Here is great post from Sean Tubbs and Kendall Singleton on the new committee working out the logistics of bringing a streetcar to Charlottesville.
A couple of brief quotes describing what is to be discussed on February 17;
Careful evaluation of the West Main corridor has revealed that it would likely be able to host a single streetcar track in the middle of the street. In the event of a streetcar stop, the track would split in two, with a stop creating a new median. This enables a potential streetcar to run on a predictable schedule without interruption from normal street traffic, with the additional benefit that riders getting on and off would only have to cross one lane of vehicular traffic.
How is a streetcar any different/more useful than the trolley?
Currently, CTS provides its most visible public transportation along West Main Street via its free bus service, known as the trolley. This special bus designed to look like an old-fashioned streetcar travels along much of the same pathway as its proposed replacement. The route is currently the most direct connection to the Mall and Grounds, and thus attracts both area residents and employees as well as those riders affiliated with UVa. During any given hour, there are three vehicles traveling in one direction along the loop. These buses share traffic with other wheeled vehicles, leading to potential delays for riders during rush hour. Annual expenses for the trolley come to a combined $1,026,000 in operating costs for CTS.
On the topic of consistency and sustainability…

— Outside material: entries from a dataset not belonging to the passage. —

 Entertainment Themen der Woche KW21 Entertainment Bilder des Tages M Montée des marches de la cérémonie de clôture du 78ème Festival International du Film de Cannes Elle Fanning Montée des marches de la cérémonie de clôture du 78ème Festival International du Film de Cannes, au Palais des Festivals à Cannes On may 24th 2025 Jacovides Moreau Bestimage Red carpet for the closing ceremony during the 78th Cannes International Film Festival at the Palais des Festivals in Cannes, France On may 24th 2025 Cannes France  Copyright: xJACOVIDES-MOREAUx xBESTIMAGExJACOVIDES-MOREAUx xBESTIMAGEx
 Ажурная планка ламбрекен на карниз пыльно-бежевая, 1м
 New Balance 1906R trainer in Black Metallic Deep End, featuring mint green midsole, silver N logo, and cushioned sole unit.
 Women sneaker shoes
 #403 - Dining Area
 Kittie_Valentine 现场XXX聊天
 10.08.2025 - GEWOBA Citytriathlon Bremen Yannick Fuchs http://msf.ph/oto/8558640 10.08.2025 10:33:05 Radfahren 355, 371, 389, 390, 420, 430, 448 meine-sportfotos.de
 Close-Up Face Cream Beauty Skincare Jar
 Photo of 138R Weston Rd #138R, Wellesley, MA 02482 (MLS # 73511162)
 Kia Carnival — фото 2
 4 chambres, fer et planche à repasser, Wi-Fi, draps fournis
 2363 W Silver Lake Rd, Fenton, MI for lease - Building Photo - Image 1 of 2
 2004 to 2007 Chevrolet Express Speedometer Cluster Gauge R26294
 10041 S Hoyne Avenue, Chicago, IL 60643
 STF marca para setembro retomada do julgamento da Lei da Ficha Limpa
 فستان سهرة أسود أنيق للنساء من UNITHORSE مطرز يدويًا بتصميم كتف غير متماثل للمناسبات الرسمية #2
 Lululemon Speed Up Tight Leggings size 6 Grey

Although far and away more expensive, a streetcar has a significant advantage over the existing trolley: it can either separate itself from existing street traffic via a distinct lane, or can utilize a “signal priority” system that turns traffic lights green with its approach, thus staying on a regular schedule. This consistency – at a pace that may be quicker than driving during rush hour – would be expected to attract those “choice” riders who currently avoid public transportation because of the unpredictability. One member of the Task Force says a streetcar’s advantage over a bus line is permanence.